## Data supplied
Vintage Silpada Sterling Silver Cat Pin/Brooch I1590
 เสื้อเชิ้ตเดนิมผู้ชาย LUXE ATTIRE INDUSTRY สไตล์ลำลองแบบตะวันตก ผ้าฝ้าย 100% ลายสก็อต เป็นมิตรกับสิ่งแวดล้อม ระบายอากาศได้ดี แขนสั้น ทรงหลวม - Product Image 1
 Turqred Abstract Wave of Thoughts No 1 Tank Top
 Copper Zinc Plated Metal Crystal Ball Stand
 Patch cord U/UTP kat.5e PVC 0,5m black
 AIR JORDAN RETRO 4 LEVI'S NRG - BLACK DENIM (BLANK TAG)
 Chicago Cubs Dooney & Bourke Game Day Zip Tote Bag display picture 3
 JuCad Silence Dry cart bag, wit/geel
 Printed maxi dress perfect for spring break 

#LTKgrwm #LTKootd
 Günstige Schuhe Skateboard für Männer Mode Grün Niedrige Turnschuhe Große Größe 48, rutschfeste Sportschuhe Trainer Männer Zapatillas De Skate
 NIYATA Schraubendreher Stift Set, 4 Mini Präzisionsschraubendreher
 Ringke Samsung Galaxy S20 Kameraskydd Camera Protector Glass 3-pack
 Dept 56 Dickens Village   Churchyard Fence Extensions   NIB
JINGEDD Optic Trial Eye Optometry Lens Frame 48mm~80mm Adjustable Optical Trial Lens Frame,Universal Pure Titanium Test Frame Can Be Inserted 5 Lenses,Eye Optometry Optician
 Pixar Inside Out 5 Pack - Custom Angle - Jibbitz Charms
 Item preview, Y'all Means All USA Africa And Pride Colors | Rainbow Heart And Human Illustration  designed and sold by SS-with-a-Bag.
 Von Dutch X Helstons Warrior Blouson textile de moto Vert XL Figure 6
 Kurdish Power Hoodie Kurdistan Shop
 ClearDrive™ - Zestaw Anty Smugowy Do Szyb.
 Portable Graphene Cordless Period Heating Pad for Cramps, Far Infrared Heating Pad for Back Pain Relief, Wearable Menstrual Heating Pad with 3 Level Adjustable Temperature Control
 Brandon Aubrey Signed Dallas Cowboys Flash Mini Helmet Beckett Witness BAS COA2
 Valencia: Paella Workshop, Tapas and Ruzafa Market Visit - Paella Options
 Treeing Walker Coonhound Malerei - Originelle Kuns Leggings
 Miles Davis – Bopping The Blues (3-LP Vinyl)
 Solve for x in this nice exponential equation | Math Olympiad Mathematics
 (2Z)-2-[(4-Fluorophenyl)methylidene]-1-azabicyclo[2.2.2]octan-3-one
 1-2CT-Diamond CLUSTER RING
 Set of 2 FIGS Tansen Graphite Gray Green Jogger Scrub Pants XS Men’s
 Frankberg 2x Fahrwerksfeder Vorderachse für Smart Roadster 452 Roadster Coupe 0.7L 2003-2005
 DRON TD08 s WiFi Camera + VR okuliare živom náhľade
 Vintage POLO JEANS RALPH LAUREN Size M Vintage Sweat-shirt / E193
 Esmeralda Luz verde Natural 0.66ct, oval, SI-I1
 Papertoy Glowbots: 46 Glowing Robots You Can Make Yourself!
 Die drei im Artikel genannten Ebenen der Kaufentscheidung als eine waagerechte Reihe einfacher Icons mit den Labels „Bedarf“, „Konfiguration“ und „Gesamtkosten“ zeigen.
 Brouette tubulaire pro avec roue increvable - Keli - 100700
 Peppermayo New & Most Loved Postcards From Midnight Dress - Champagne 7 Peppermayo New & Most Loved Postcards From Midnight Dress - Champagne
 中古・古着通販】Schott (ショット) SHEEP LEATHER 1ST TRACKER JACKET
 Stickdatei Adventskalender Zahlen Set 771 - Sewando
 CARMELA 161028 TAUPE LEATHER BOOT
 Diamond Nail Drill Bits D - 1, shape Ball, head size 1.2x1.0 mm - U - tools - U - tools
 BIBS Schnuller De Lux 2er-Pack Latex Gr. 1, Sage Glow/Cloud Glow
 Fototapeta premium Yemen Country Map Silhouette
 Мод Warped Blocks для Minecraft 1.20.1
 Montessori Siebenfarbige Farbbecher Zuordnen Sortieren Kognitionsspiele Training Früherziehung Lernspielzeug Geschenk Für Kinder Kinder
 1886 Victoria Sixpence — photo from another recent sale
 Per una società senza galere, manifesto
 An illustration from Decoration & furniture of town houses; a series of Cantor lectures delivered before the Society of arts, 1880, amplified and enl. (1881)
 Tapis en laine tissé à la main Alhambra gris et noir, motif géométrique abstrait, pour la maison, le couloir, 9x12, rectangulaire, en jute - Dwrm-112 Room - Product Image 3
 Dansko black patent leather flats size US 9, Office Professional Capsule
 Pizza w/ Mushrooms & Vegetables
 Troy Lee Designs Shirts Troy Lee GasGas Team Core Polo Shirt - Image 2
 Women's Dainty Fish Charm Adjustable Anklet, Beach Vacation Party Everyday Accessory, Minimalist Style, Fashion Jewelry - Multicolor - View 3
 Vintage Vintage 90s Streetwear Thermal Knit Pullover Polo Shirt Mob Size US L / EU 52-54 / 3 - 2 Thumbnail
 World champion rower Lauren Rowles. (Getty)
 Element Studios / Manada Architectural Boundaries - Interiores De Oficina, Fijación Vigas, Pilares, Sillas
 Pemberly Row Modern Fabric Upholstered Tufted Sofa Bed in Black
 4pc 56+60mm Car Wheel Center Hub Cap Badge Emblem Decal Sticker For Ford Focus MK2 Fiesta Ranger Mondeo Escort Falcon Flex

## Exercise prompt
Check the records above line by line and tally those holding the string "Vintage". Answer with the number only.

## Answer to the exercise
3